I decided to do it a different way. I use JavaScript to do all the heavy processing, largely because my ultimate goal was to obtain a list of record objects, each representing a single event listed on the webpage, from which I extracted the name, location and time of each event.

tell application id "com.apple.Safari" to tell ¬
    document 1 to set allEvents to do JavaScript ¬
    "Array.from(document
               .querySelectorAll('tbody#meetings_tbody '+
                                'tr '+
                                'td.name,'+
                                'td.time,'+
                                'td.location'))
               .reduce((ξ,x,i,L) => { 
                        ξ=Array.from(ξ);
                        i%3==1 && ξ.push({
                                'name': L[i].innerText,
                                'time': L[i-1].innerText,
                                'location': L[i+1].innerText
                        }); 
                        return ξ;
               });"

The variable allEvents should then contain something like this:

{{|name|:"Saturday @ 7", |time|:"7:00 am", location:"Token 3 Club"},
 {|name|:"Early Bird Meeting", |time|:"8:00 am", location:"Token 3 Club"},
 {|name|:"Saturday Morning Meditation Group", |time|:"8:30 am", location:"Christ Church United Methodist"},
 {|name|:"Saturday Morning Gratitude Group", |time|:"8:30 am", location:"Icehouse"},
 ...,
 {|name|:"Agape", |time|:"10:30 pm", location:"Token 3 Club"}}

I'm not sure how familiar you are with AppleScript list or record objects. If you examine the contents carefully, you'll see that each event is represented by an object that looks like this:

{|name|:"...", |time|:"...", location:"..."}

That is a record, which contains three properties: |name|, |time|, and location. Each property has a value, which you retrieve by referencing the <property> of <record>. So, if one creates a record object and assigns it to a variable thus:

set R to {a:1, b:"two", c:pi}

then:

set myvar to b of R

will retrieve the value of property b belonging to record R and store it in the variable myvar. So myvar will now evaluate to "two".

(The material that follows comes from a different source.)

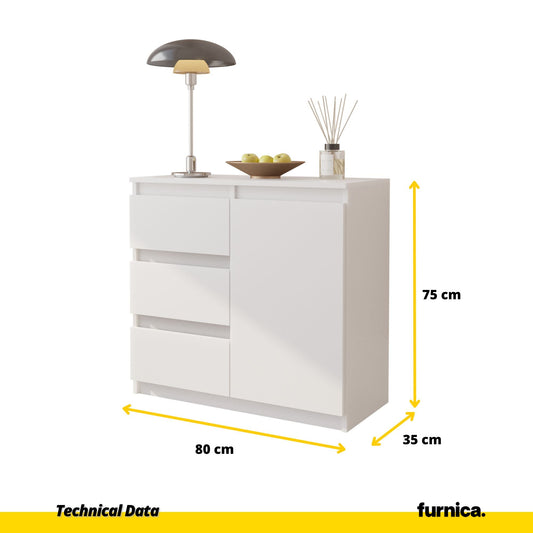 MIKEL - Cómoda de 3 cajones y 1 puerta - Armario de almacenamiento para el dormitorio - Aparador - Blanco Mate - A75cm A80cm P35cm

allEvents isn't just one record object; it's many. It's a list of them. Here's an example of a list:

set L to {1, "two", pi, 2^2, "5.0"}

It doesn't contain properties; it only contains values, and these are termed items. A list is held in strict order, whereas a record is not. Therefore, the value "two" will always appear as the second item in that list, but in the record, it can appear at the beginning, middle, or end, but will always be attached to the property b. To retrieve an item from a list:

set myvar to item 2 of L

So, skipping to the end somewhat, if you want the location of the 4th event in that list:

return the location of item 4 in allEvents --> "Icehouse"

You'll still want to follow @user3439894's example, and implement a test to determine when the page has loaded (unless you intend to trigger the script manually only after loading the page yourself). @user3439894 has also shown you how to adapt the code to a Chromium-based browser (Google Chrome, Vivaldi, Brave).